**Task description:**
Every line of the listing below should come back exactly as written, with no images.

**Recorded data:**
* * * * * * *

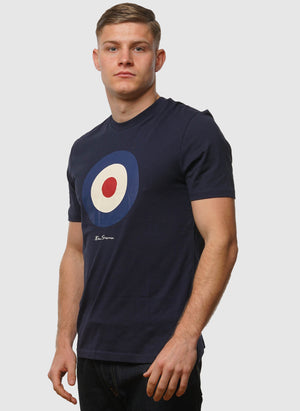 Signature Target T-Shirt - Dark Navy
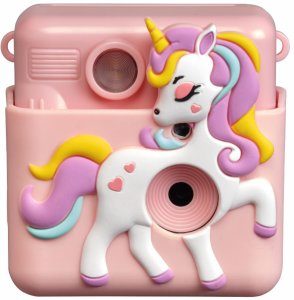 Denver KPC-1363 Kinder Sofortbild-Kamera Einhorn rose 1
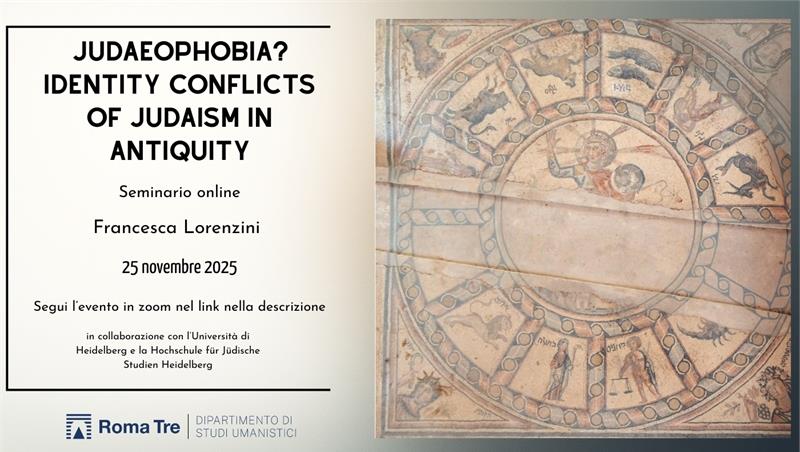 Judaeophobia? Identity conflicts of Judaism in antiquity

* * * * * * *

**Output below:**
 Signature Target T-Shirt - Dark Navy
 Denver KPC-1363 Kinder Sofortbild-Kamera Einhorn rose 1
 Judaeophobia? Identity conflicts of Judaism in antiquity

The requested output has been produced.